As he wasn’t eager for any interaction, he looked around to find the best spot to sit. A pair of two women had arrived in his absence and picked the table he would have favoured to spread out their books and paperwork. Exams approaching? Or were they merely of the diligent type, meeting up to prepare for next semester?

The lone boy seemed to have noticed his searching glance. He looked up at him, smiled, and gestured to his table. The tables out here were large, each one easily seating six people. It probably would be rude to reject the invitation to share. Slowly, he walked over and took a seat next to the boy, leaving ample space between them. He had hoped to drink his coffee in silence and observe, but it seemed he would not be so lucky.

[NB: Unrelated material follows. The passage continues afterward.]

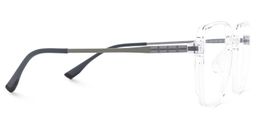 Monica Square Clear Glasses2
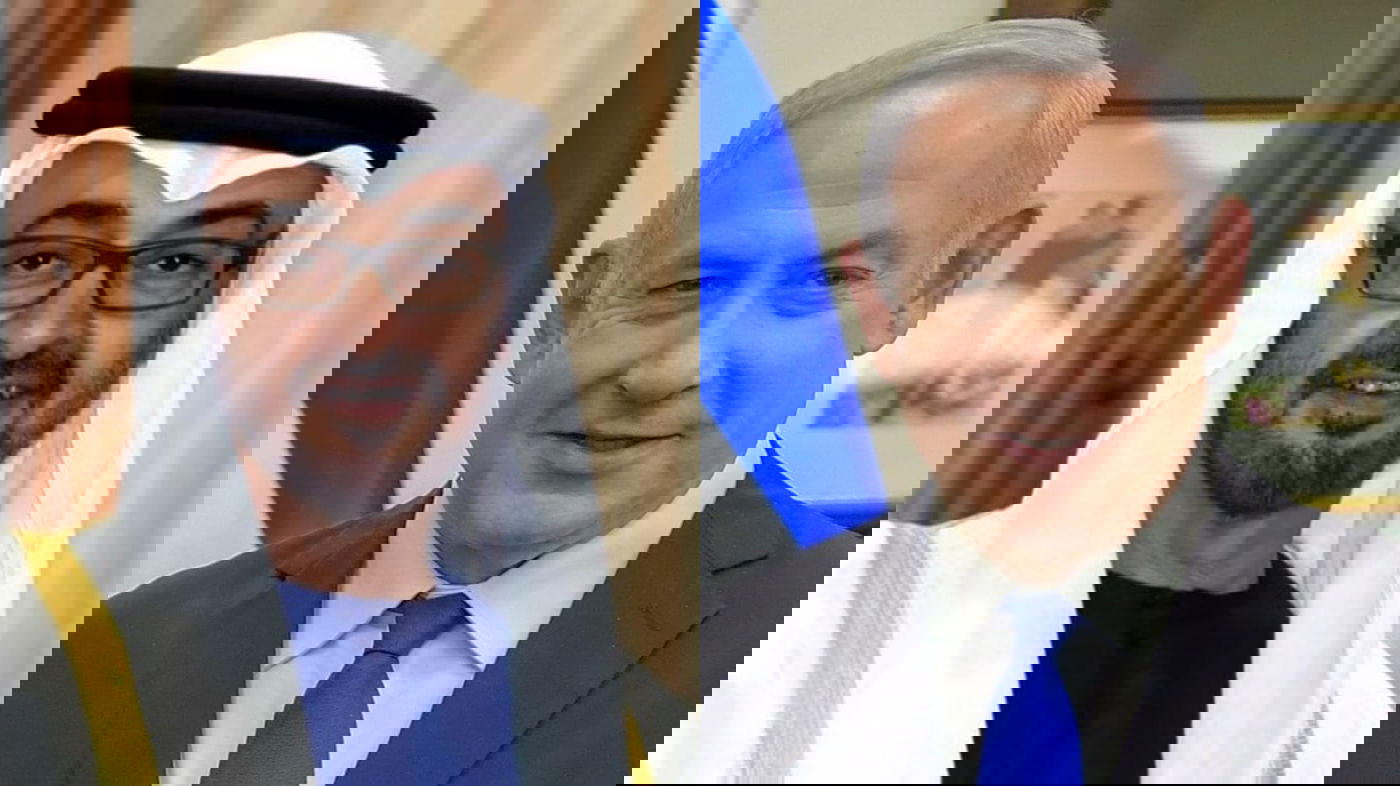 נתניהו ויורש העצר האמירתי בן זאיד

The boy smiled. “Good morning. I don’t think I have ever seen your around. Are you new?”

Zhou Zishu stared at the other for a moment. He had a book in hand. So he was probably just starting a conversation to procrastinate? Which wouldn’t have been too odd, if Zhou Zishu had been a fellow student. But he was a middle-aged man in running clothes. Where would this conversation go? Anyway, he was too polite to not answer. “In a way”, he said. He took a moment to decide what he wanted to share about himself. “I am new to the city.”

The boy seemed quite happy with that answer. “Do you like it? I moved here two years ago, and in the beginning, I loved the place. It is so big, there is so much to see!”

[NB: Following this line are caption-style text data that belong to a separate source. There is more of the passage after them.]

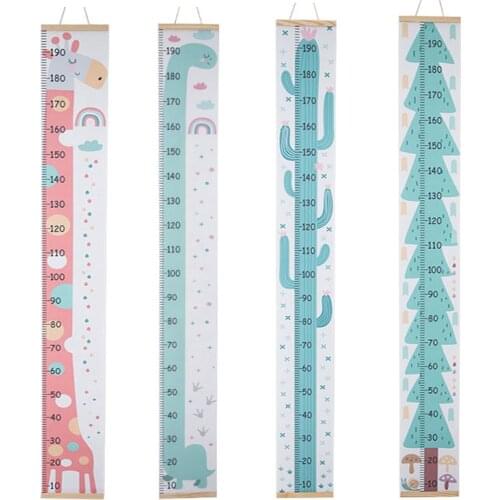 Kids Growth Size Chart Height Chart Baby Child Kids Height Ruler Measure Ruler Wall Sticker for Kids Room Home Decoration Hang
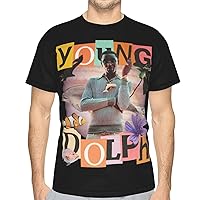 Young Rapper Dolph Singer T Shirt Mens Classic Sports Tee Crew Neck Short Sleeve Tops Black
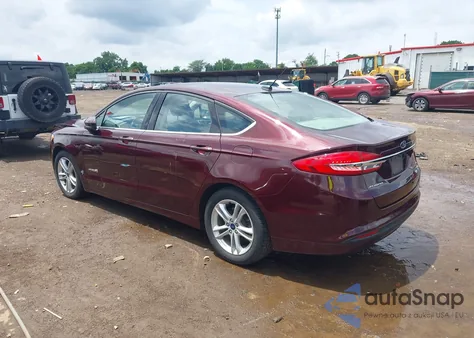 2018 Ford Fusion Se Hybrid from USA, damaged, VIN 3FA6P0LU7JR149615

Zhou Zishu caught the past tense and wondered. Did the other not like it anymore right now? And big wasn’t exactly a word he would have chosen to describe the place. Sure, it was a city. But he himself had chosen it because it was rather small and remote. “I guess I like it well enough. Not sure I am ready yet to pass a final judgement.” He decided to give an evasive answer.

The other allowed the silence to reign for a few minutes. Zhou Zishu was hoping it would last until he finished his coffee. But he was not that lucky.

It wasn’t the young boy, but the girl he had nominated as daughter/assistant/partner who turned around and rather loudly addressed the two of them. “Hey, you! Do you Know where the science building is? And where that presentation on metaphors in epigenetics is going to happen today?”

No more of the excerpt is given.